Se da metodologia histórica esse
providencialismo primário despareceu praticamente, na mentalidade do vulgo
continua ainda a grassar. Recebi há poucos dias um texto, dos que circulam na internet, em que o autor se interrogava
por que motivo, sendo a epidemia um castigo de Deus, fora aparentemente
superada já na China, sem grande dificuldade, ao passo que no resto do mundo
continuava a causar dano: a punição divina devia atingir sobretudo os países
que têm regimes ateus, como é o caso da China…
Aventam outros que Deus estará
irado com a imoralidade que — com a conivência dos poderes públicos, que
legalizam e até fomentam práticas como o aborto, o casamento homossexual e a
eutanásia — invadiu a nossa sociedade, que não só peca como, o que é bem mais
grave, perdeu a noção do que é pecado. Colhemos por isso o que semeámos…

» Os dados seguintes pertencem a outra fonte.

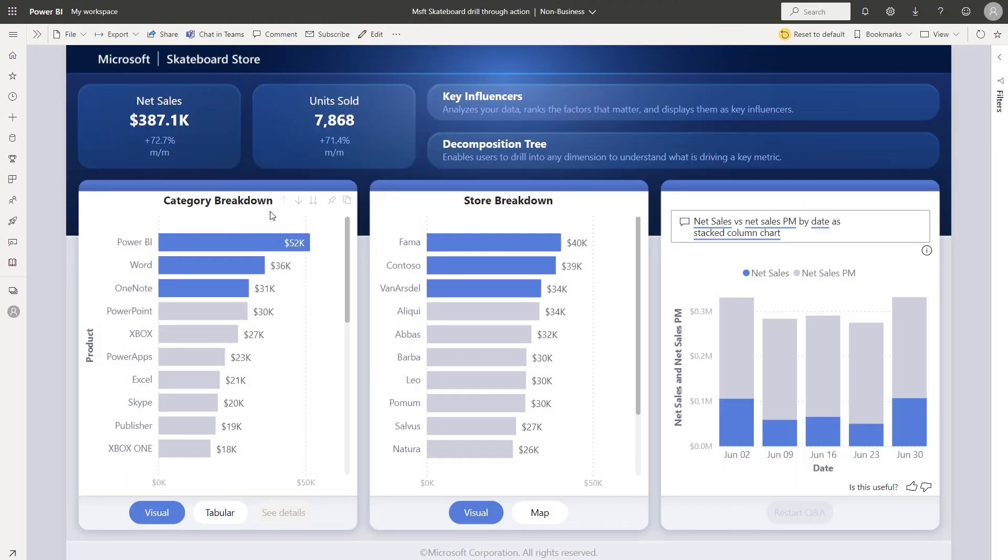Tooltips are an important part of Power BI reports because they enable users to get additional information about a data point, as well as allow for progressive disclosure of that information.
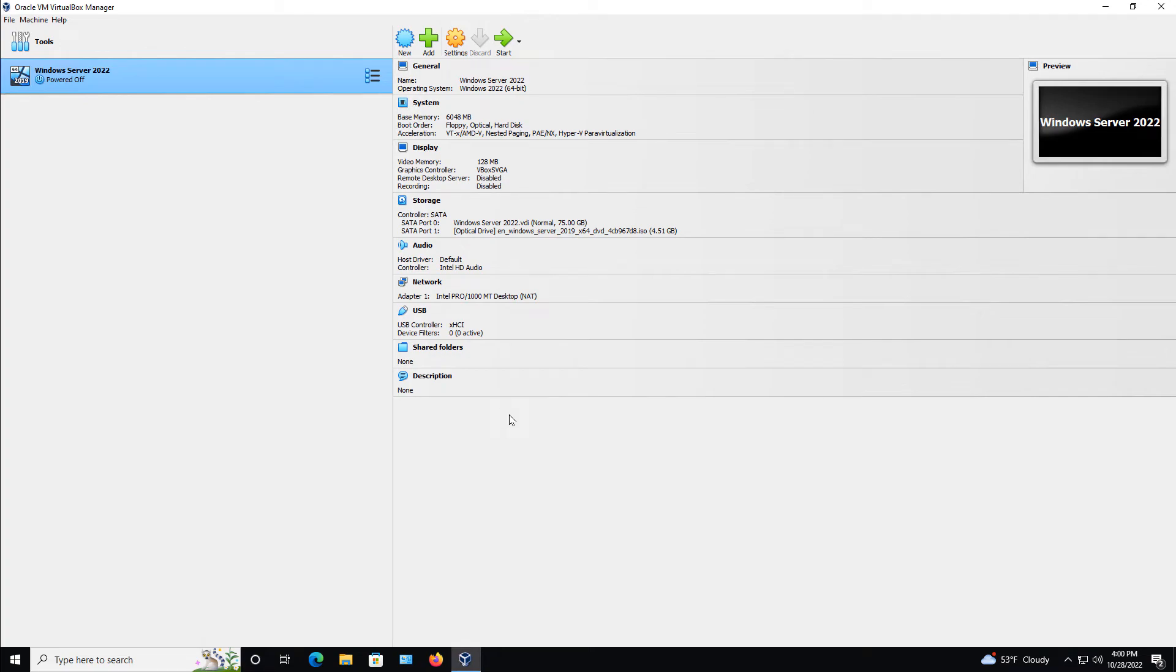I'm in VirtualBox 7. I'm going to enable the virtual clipboard. Now you can do this with the virtual machine running, but sometimes it doesn't work until you restart it. So the best time to do it is when it's turned off.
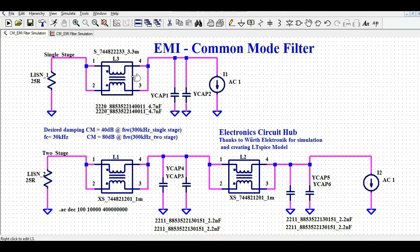Make sure to use the proper component values to see the correct response. I would also like to thank Würth Elektronik because they have done a great job integrating the common mode choke and Y-caps within LTSpice so that we can simulate and see the behavior. I hope you understood how to simulate a common mode filter in LTSpice. If you have any further questions, feel free to ask in the comment section. Thanks for watching.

O Antigo Testamento fala-nos, de
facto, de penas infligidas por Deus aos pecadores, individuais ou mesmo
coletivos, como foi nomeadamente o caso de Sodoma e Gomorra; e aí, porque é a
Escritura que o diz, podemos afirmar que andou o dedo de Senhor. Podemos também
afirmá-lo nos casos em que uma pessoa ou uma coletividade arca com as
consequências naturais, ainda que desproporcionadas, dos seus atos — pois a
ordem da natureza é obra de Deus e não é impunemente que se infringem as suas
leis: fulano morreu de pneumonia porque foi tomar banho ao mar em Janeiro,
sicrano quebrou a espinha porque se pôs a escalar um pico montanhoso sem tomar
as devidas precauções, e assim por diante. Fora de tais casos é inaceitável
presunção afirmar que fulano "teve o castigo que merecia" ou que
beltrano "não merecia sofrer o que sofreu". Só o Deus que perscruta
os corações e os rins sabe o que cada um merece!
Melhor do que investigar os
desígnios de Deus é exclamar com S. Paulo: "Ó abismo da riqueza da
sabedoria e da ciência de Deus! Como são insondáveis seus decretos e
incompreensíveis suas vias! (Rom 11, 33).

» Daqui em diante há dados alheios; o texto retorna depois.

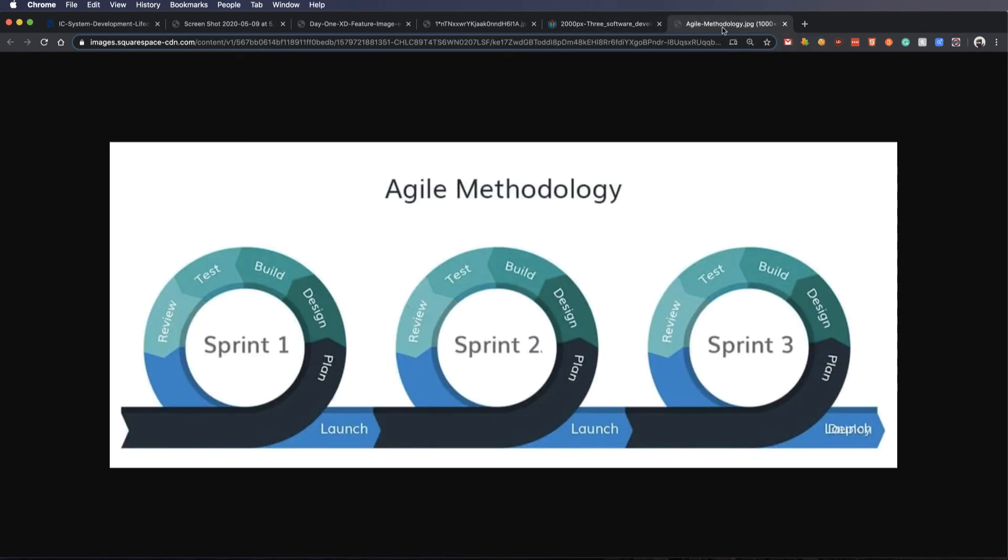There's another one out there that most businesses tend to focus on. And that's your agile methodology. And rather than doing the whole thing in one piece, we break it up into sprints.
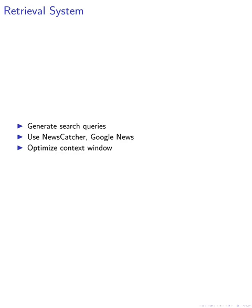By leveraging language model-generated search queries, we were able to retrieve historical articles from news APIs effectively, selecting NewsCatcher and Google News for their relevance. This system ensured that only the most pertinent articles were summarized and fed into our models, optimizing the context window for prediction accuracy.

Enviou-me há dias um dos meus
parentes de Goa um judicioso comentário sobre a atual crise escrito por Eugénio
Viassa Monteiro, um goês que presentemente
ensina em Bombaim, em que cita extensamente um texto redigido por Anne Graham —
filha do famoso pregador batista dos Estados Unidos Billy Graham (1918-2018) —
a propósito do furacão Katrina, mas
que se pode aplicar a qualquer outra catástrofe natural. Apreciei sobretudo a
delicadeza com que esta observava:
Penso que Deus
estará muito triste com tudo isso, como nós estamos, mas durante anos estivemos
a dizer-Lhe para sair das nossas escolas, para sair da vida pública, para sair
das nossas vidas… Como gentleman que
Ele é, penso que tranquilamente se afastou.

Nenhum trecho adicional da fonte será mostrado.